Thursday, July 20, 2006

The Weirdest Of Them All...

VINTAGE PAPERBACKS

I hadn't heard of H. P. Lovecraft or Weird Tales before picking up these books off the stands in the 1960s. I just thought they had great covers, and I've always been interested in anthologies.

Weird Tales was a magazine which had a lifespan of just over 30 years, from 1923 to 1954. Farnsworth Wright was editor for about half its run, during the latter part of the 1920s until a few months before he died in 1940. It was during his tenure as editor that the issues that are so desirable to collectors today were published. As an editor, Farnsworth Wright was described as quirky, and one writer described him as claiming his editorial policy was to have no editorial policy, which could explain why the quality of each issue could vary from story to story. He was also known for rejecting stories and then asking for them to be resubmitted, not a tactic designed to endear any editor to any writer.

The first book of Lovecraft stories I ever read is The Dunwich Horror And Others, from 1963, which reprints some of Lovecraft's better stories, including the title story, "Rats In The Walls," and "Pickman's Model," which I think are genuinely creepy stories despite the florid, outdated writing style (outdated even when he wrote them). I think the cover leaves something to the imagination. Why the tortured look on the character's half-hidden face, what are those disembodied arms in the air? It makes for some disturbing interpretations.

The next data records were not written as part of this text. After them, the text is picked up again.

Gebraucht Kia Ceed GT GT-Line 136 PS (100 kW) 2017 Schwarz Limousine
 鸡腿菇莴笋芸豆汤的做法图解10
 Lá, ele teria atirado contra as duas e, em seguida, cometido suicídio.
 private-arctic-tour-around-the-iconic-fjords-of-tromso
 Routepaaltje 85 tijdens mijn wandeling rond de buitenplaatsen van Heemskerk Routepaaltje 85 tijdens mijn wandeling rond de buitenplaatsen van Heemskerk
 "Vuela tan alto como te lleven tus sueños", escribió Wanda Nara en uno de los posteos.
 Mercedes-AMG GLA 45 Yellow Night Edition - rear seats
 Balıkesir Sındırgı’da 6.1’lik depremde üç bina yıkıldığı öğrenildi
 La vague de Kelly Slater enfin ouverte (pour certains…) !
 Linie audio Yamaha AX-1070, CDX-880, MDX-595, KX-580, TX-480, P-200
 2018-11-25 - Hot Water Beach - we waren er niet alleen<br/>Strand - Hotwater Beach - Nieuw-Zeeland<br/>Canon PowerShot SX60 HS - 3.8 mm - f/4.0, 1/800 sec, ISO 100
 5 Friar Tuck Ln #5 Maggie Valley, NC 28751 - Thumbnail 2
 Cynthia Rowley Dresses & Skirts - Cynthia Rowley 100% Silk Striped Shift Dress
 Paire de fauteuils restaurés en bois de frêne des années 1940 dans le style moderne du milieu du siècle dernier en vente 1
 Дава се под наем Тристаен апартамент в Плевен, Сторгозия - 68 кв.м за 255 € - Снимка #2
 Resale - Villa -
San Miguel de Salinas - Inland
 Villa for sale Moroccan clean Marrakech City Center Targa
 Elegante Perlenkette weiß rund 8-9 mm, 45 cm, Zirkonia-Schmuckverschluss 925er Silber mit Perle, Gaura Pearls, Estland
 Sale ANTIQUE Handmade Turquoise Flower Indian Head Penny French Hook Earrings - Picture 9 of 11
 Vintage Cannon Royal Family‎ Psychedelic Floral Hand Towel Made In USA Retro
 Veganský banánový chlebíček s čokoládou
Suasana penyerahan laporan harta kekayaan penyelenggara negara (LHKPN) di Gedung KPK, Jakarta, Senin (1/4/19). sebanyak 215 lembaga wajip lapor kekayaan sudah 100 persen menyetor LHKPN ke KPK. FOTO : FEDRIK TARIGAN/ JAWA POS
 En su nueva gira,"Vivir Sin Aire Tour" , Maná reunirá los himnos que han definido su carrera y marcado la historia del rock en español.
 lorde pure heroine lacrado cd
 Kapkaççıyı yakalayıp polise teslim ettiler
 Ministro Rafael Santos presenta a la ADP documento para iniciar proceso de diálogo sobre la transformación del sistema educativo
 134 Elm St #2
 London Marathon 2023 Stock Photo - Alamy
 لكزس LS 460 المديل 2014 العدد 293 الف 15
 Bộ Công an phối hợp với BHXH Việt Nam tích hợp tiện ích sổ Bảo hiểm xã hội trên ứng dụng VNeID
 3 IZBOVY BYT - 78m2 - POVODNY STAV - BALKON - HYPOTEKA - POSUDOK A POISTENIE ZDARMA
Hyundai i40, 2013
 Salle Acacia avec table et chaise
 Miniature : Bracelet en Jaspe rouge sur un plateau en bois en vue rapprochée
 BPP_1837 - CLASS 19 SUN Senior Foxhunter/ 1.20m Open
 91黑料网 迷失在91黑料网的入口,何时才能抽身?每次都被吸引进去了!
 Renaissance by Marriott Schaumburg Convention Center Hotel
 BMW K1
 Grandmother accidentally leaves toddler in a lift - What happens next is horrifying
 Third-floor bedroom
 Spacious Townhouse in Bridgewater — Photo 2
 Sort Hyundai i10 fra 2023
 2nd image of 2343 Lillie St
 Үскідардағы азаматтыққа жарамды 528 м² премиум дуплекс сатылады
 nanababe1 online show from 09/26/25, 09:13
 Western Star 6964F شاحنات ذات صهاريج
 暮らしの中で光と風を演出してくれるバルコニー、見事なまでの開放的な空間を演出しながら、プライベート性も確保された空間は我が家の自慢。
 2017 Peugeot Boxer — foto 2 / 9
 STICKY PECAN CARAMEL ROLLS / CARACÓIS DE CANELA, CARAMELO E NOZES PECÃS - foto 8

Weird Tales (the Pyramid Books compilation) has a publication date of May, 1964, so I picked this book up when I was a junior in high school. It contains "Pigeons From Hell," by Robert E. Howard, which scared me, and me a hotshot 17-year-old! I described the story to my friends and they said, "Oh yeah…that was on Thriller." (An anthology television series hosted by Boris Karloff.) To this day I haven't seen that episode and wonder how I missed it in the first place.A follow-up volume, Worlds Of Weird, is listed as being published in January, 1965. There are some genuinely fine stories in this volume, including "Valley Of The Worm" by Robert Howard (by then I was very familiar with Howard's work, having searched out some of his Conan the Barbarian stories), "He That Hath Wings" by the perennial favorite Edmond Hamilton, and "Roads," by Seabury Quinn, which is a straight-faced Weird Tales-style biography of Santa Claus!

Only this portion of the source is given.